Legal firms, for example, make a point of running blogs that explain how their processes work in layman’s terms. It’s all designed to be helpful, accessible content for potential customers.

3. No website marketing plan

Your website is like the display window at the front of a department store. It’s the public facing part of your business. And it’s got to look good. But all too often, startup websites aren’t fronts for their brands. They’re generic templates that look as if they’ve been thrown together in five minutes.

Building brand identity through your website is an essential part of building a successful business. Because it’s your website that the public and other businesses see, this is what defines you. That’s why it’s so important that it’s good.

Take a couple of hours thinking about exactly what information you want to communicate through your website. What should it be saying about your business? And are there any graphics or logos that you should include to make it consistent?

4. Being too modest

The internet is full of people unashamedly screaming out for attention. Sometimes what they have to offer is good. But most of the time, the content itself is far from ideal.

The problem for the startup, however, is being heard above the noise. This is challenging enough in itself. But often startups will be further hamstrung because they are too modest to seek publicity.

The key to generating interest in your website is to tell your story. It doesn’t have to be War and Peace, of course. It just has to be the story about why your company is unique.

Customers are most interested in your story than you realise. Stories are what draws them into your firm’s brand. It’s what gives customers an affinity with you do. And it’s what gives them something to believe in.

If your startup is an ethical company, you can build this ethical aspect into your brand by telling a story. Perhaps you wanted to set up a chain of healthy, fast-food restaurants because you objected to what the big corporates were doing. This is the type of story that people can really get on board with. And it’s the sort of thing that will align them with your brand.

5. Failing to list on established sites

Even if you do everything right, your website may still get lost in among the billions of pages on the internet. That’s why it’s worth using more established sites to get a leg up.

The first thing that you can do is make comments on other sites. The goal here isn’t necessarily to build links. It’s to create engaging, helpful and meaningful content that will build reputation. As your name floats around the internet, this will divert more traffic to your website and help improve its visibility.

The second thing that you can do is write articles and try to get them published on other websites. This will mean that more people will come into contact with your message. And more potential customers are likely to want to know more about you by going to your website.
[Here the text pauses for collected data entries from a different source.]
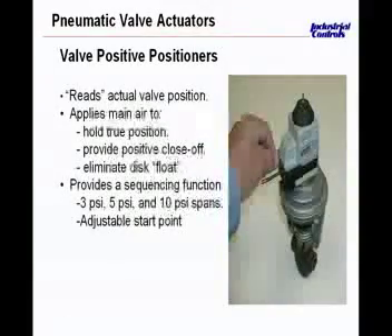We may be sending a pneumatic signal from the thermostat or controller to say this valve ought to be at 50%. But whether or not it is at 50%, unless you have feedback coming from this valve going up through this actuator up to this positioner, we really don't know that this valve is actually sitting at 50%. So they invented these positive positioners to take this valve signal coming in on the pilot side of this positive positioner.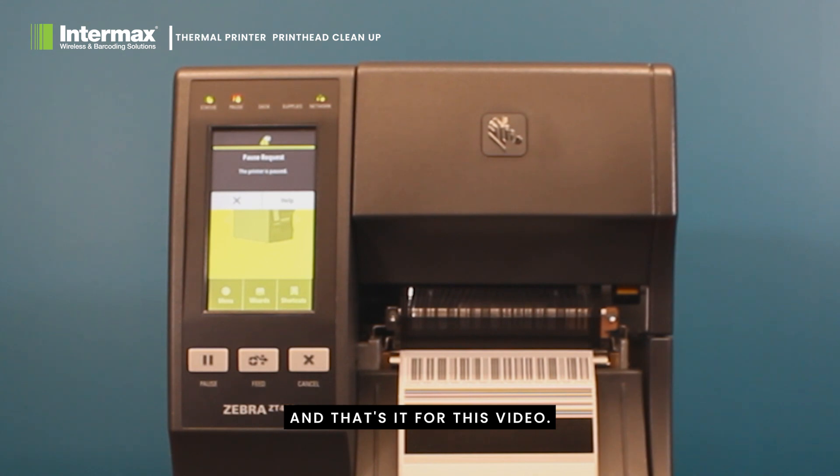And that's it for this video. Stay tuned for our next one, where we will be discussing how to troubleshoot common issues with your thermal transfer printer. Bye for now.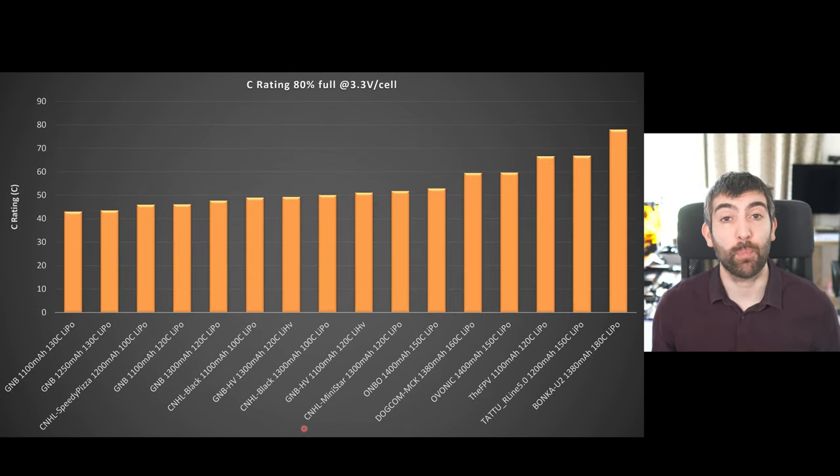One way to measure the power performance of a battery is to look at its C rating. C rating is a measure of the maximum current that the battery can supply under certain conditions as a ratio to its capacity — so if we have a 1 milliamp hour battery that can supply 10 amps it gets a C rating of 10. I measure the C rating by discharging the pack at 15C until it's 80% full and then discharging it down to 3.3 volts per cell using a burst test, which gives us a measure of the current the battery can supply when it's 80% full and voltage has sagged to 3.3 volts per cell.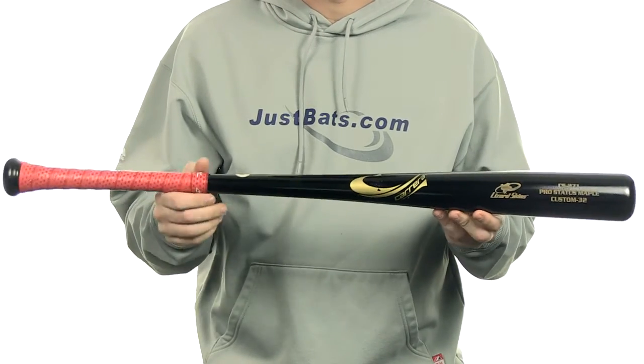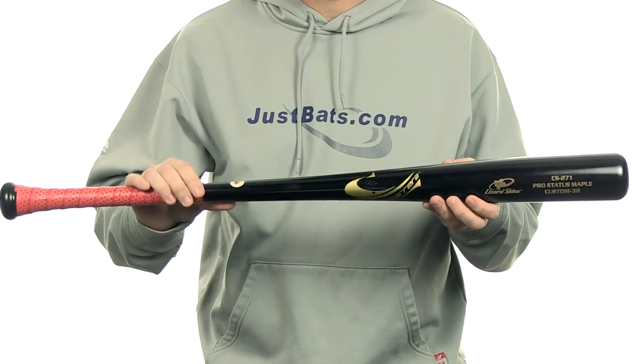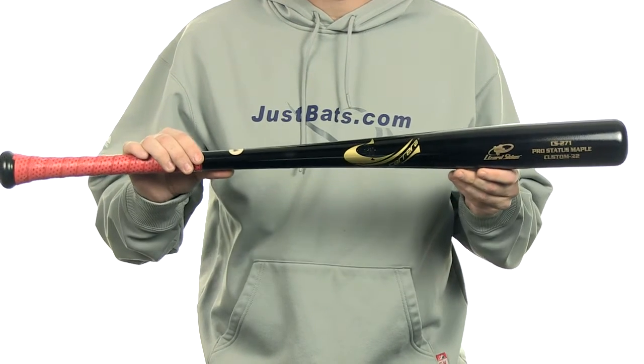It has an approximate drop 2 to drop 4 length-to-weight ratio. It is ink dot certified. It's handcrafted right here in the USA and it's gonna come with free shipping. You can get yours today at JustBats.com. Just don't forget, from click to hit.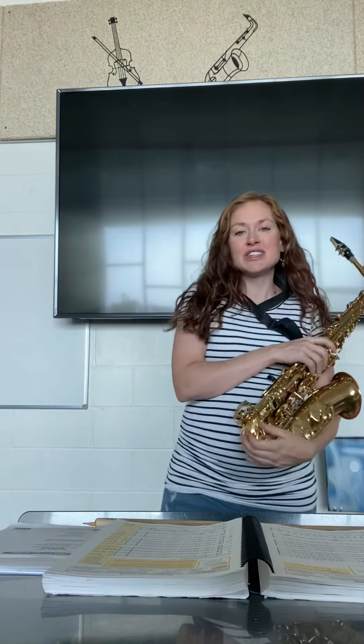Be honest with yourself. Did you miss it when it was your group's turn? Did you miss it when it was everybody together at the very end? Do this as many times as it takes for you to get this really, really good, because I'll be testing you when I come back.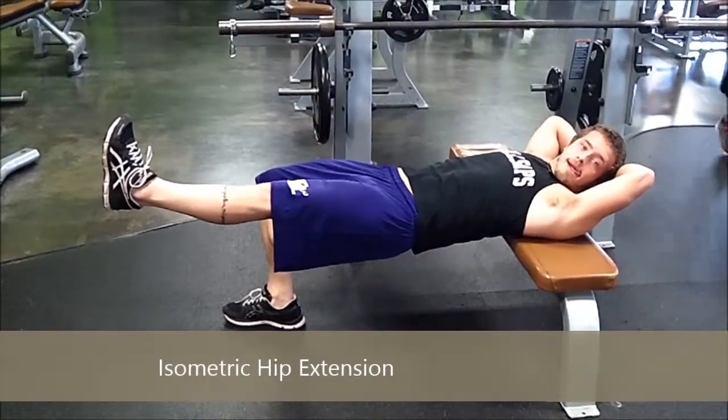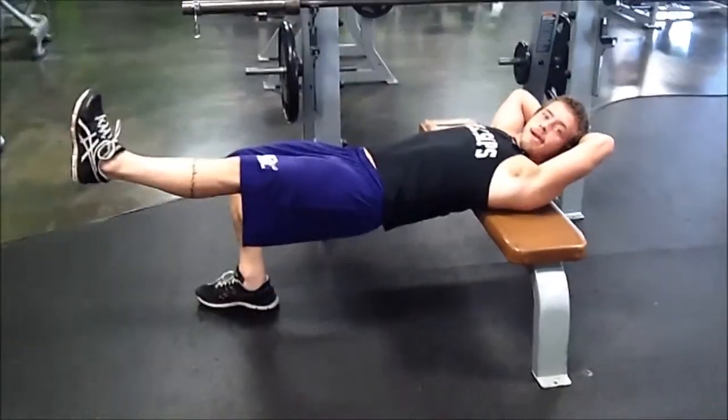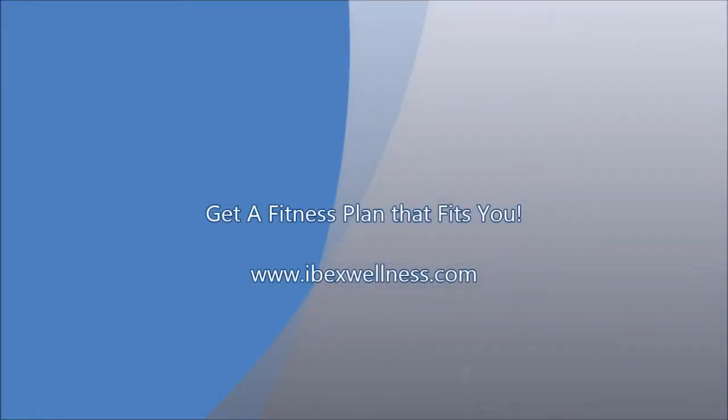You're going to feel this burning in your glutes and your hamstrings, hold it for a prescribed length of time, and then do the other leg. Have fun!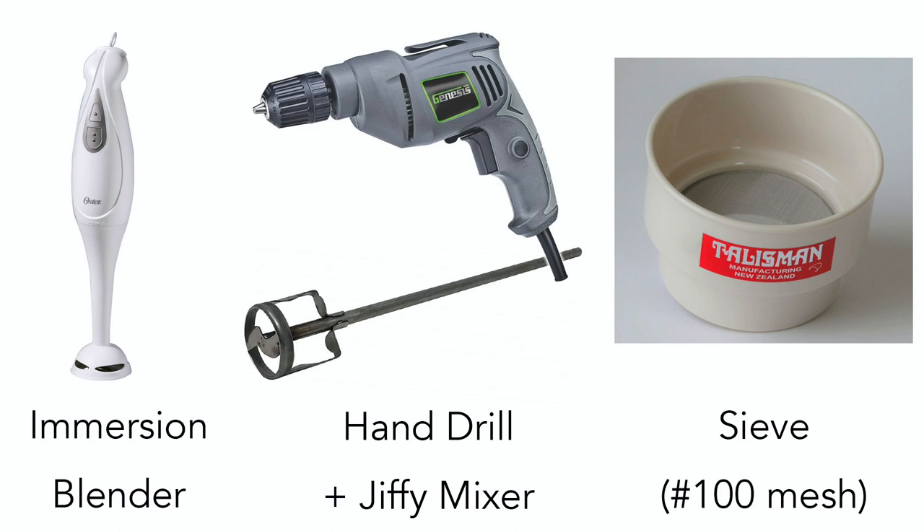With the hand drill, I'll use a Jiffy mixer, which is pure stainless steel and never rusts. It's the best mixer I've found.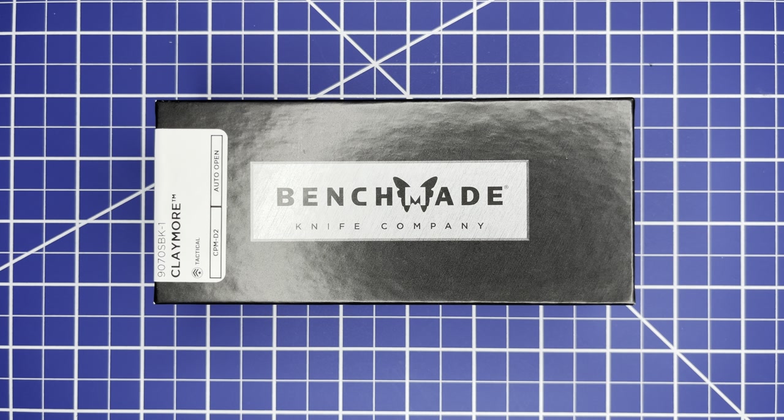Happy Monday, all you tactical moms and dads out there, and non-parents — welcome back to another episode of the Tactical Everyday Dad. Today we have the Benchmade Claymore. Is it too high speed, low drag, and overly tactical, or does it make for a very good automatic out-the-side tactical everyday parent EDC carry? Let's check it out.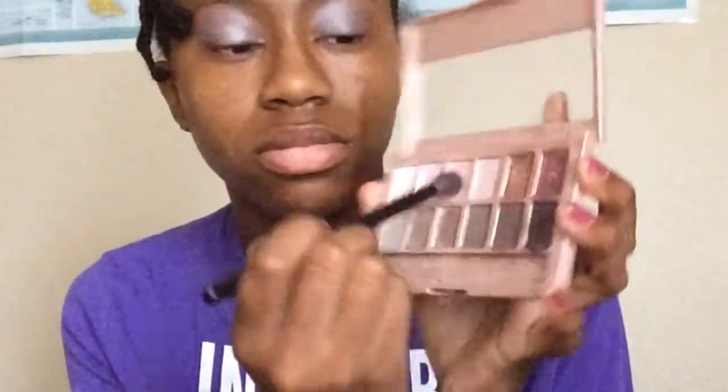Right here it looks dark purple — I thought it was pink but it's really a purple eyeshadow. That's the Maybelline nude eyeshadow palette. Now I'm using another shade — I think it's another pink one on this one.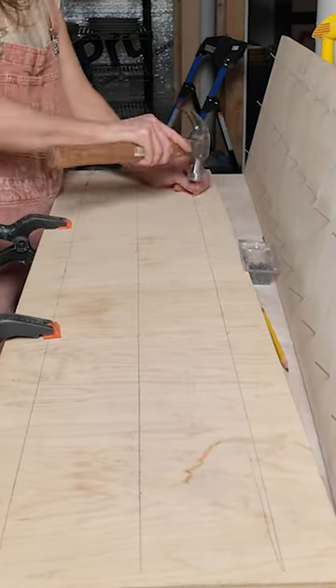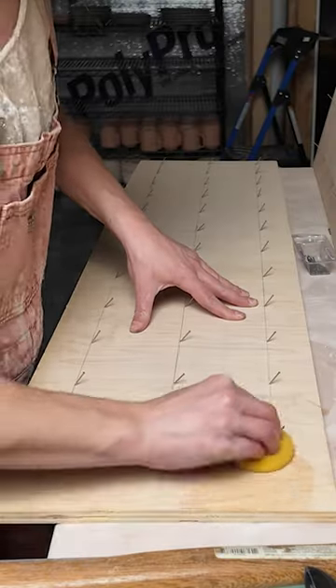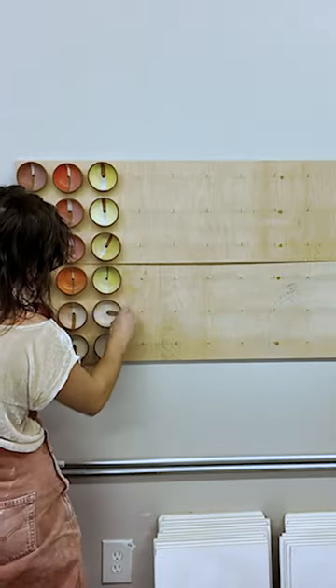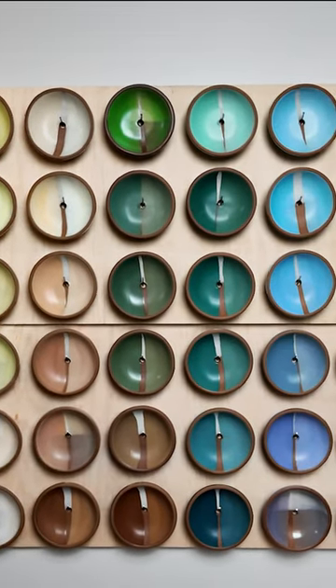So we made a display with all the mason stains we have that we can reference when hunting for a new color. We cleaned it up and mounted it right next to our kiln. We have a lot of mason stains and left some space for the inevitable additions.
Guest blogging is an excellent way to get your site known to another site’s audience.

The third thing that you can do is connecting your site through popular social media channels. Facebook, LinkedIn, and Twitter are all being used right now by businesses to promote their websites and their content.

6. Failing to use pay-per-click advertising

In the early days, very few people will visit your site, if any. The majority of your business will be done through word of mouth and recommendations. But there are limits to that kind of growth in a digital economy. And that’s why pay-per-click advertising is so important.

Essentially, PPC funnels interested customers to your website, dramatically increasing traffic. PPC is moderately expensive for a startup. But it’s something that can be tapered down once you build your reputation and traffic increases naturally. Often PPC advertising pays for itself. Most small businesses will use something like Google Adwords.